The first time we arrived we were given soup with bread for dinner. We thought that was great! (Compared to cheri all of us have been getting) We started to get up and leave when the staff asked us where we were going, dinner was just about being served. We were quite satisfied with only soup and bread and that was only the appetizier! For dinner we're usually given rice with topping, sometimes chicken, and actually desert of pudding or jello.

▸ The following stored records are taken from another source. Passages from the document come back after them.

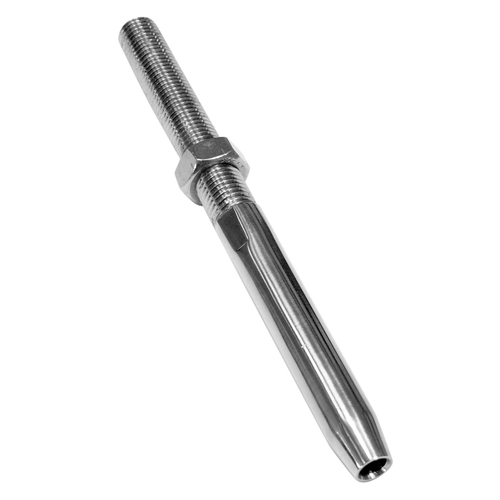 Swage Stud Terminal Lh Thread Stainless Steel Steelgear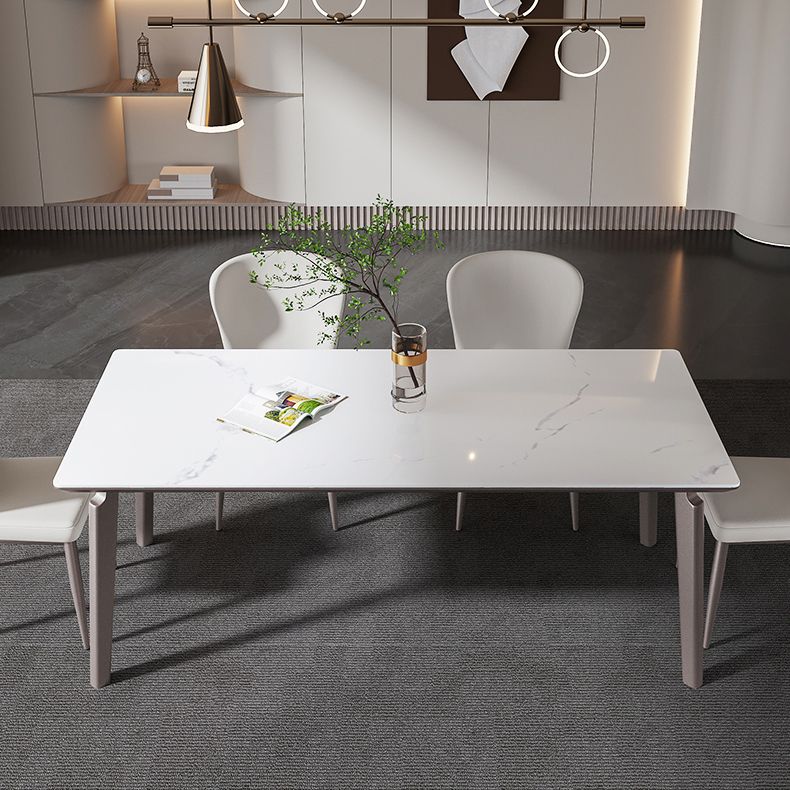 Mesa de comedor rectangular de mediados de siglo Muebles para el comedor de piedra muebles para el hogar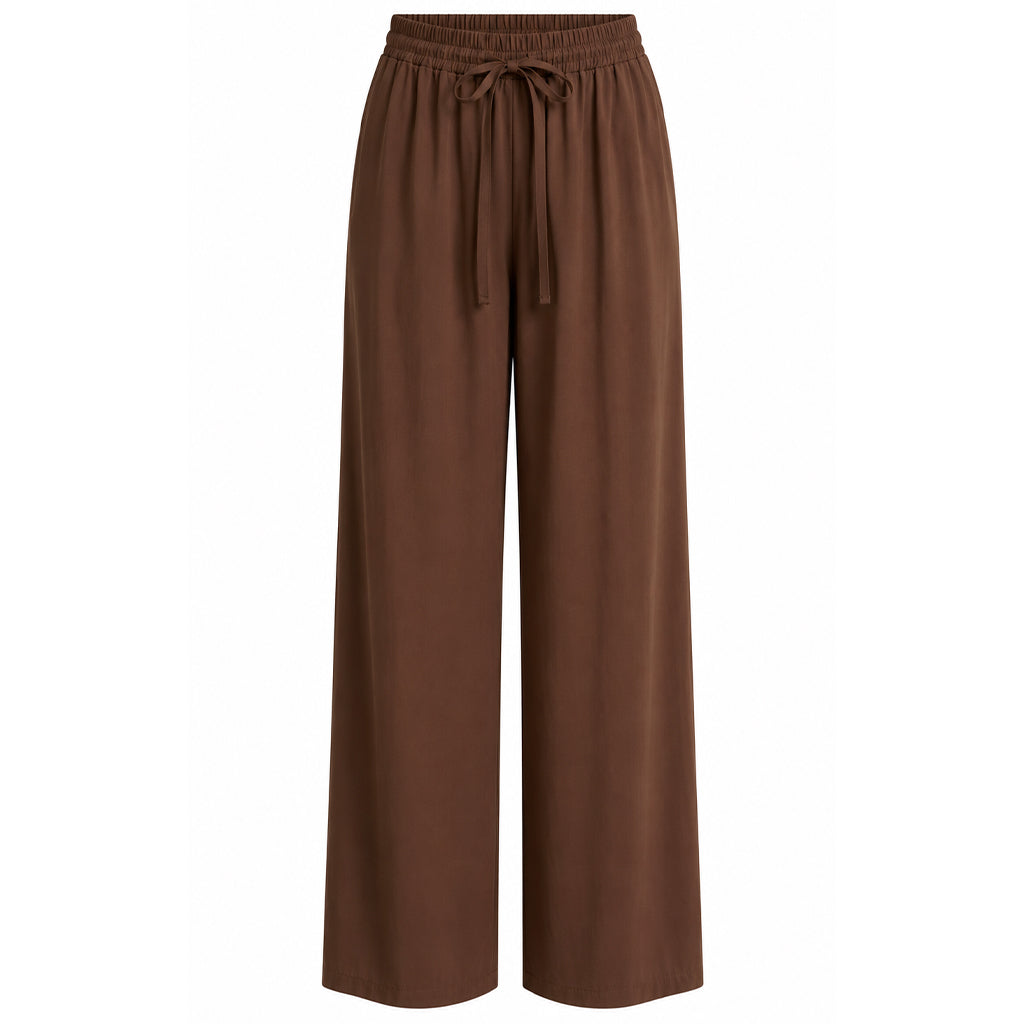 Pantaloni Donna Palazzo con Coulisse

Two other great things we love about Tendaba are we get one free drink each time we're there, either a Coke or a Fanta (paid for by U.S. Peace Corps, therefore your tax dollars; thank you). The other thing we didn't realize until the next time we were there was that you can catch crabs by the dock and the cooks will cook them for you. We had twenty crabs to eat that night! This is not to mention the outdoor pool we have access to, which we all take full advantage of.


Besides the meetings, seminars, and other actual Peace Corps stuff we do there we have lots of free time. Tendaba is the place where we receive and send our mail each week and so there's a lot of letter writing and also a lot of card playing. I learned how to play hearts.





At the end of the first visit to Tendaba we were given our bicycles. Not pre-assembled. Three hours later we still couldn't figure out where some parts went and how the gears go together. Finally we got them assembled and a few days later they delivered them to our villages.


The six of us decided to go for a half-hour bike ride two villages over to use the nearest phone. During the trip we had a fender-bender, a flat tire, and accidently swallowed a moth. I was involved in two out of the three. The first and the last. Gagging on a moth that flew right in and got stuck in my throat I drank half of someone's water bottle just to get it unstuck. Had to swallow it. So far that's the most disgusting thing I've eaten; granted, not by choice. (The cheri comes a close second)


The second trip to Tendaba we had a VIP visiting. Henry McCoy, who is the director of Peace Corps for all of Africa. The country directory was also there. They hired Mandinka drummers and dancers for entertainment. Before that I had the opportunity to play Ludo with him (Ludo is like Parcheesi) along with other volunteers. He learned one way in how we had to adapt when the only dice we could find was that it displayed powers of two. Instead of {1,2,3,4,5,6} it had {2,4,8,16,32,64} written on it. After a few plays we just remembered that 64 was a 6 for example; but remembering that a 2 was a 1 and a 4 was a 2 got a bit crazy at times.


During that time in Tendaba I finished reading ROOTS, which if you want a good depiction of village life read the first few chapters. There's now a short list of people who want to read it next.


Getting back to village, we spend out days mostly in a small group learning the local language. My group consists of Doug (Gambian name: Moot) and Jenni (Ramata) and I (Biran). The LCH (instructor) teaches for an hour-and-half in the morning (8-9:30) we get a half-hour break to eat breakfast, teach another hour-and-half and then have an extended break from 11:30-1:00 where we're suppose to study on our own but most people take a nap. At one we have lunch together in a communal bowl made of rice and other topping as mentioned earlier. After that we're mostly done for the day unless we fell behind and have to make up a language session.


One LCH in our village (which is now my current teacher since they switched) loves America. He remembers hearing on the radio about Neil Armstrong and watching on TV news about Timothy McVeigh and September 11. During one visit to his compound he recited the entire inaugural address of JFK by memory since in the address Kennedy talks about people living in huts and villages and that he pledge his best efforts to "help them help themselves", a precursor to the Peace Corps.


It's now 2:30 a.m. and I'm not even half-way done of what I thought I would write about. I'll hopefully finish the rest tomorrow.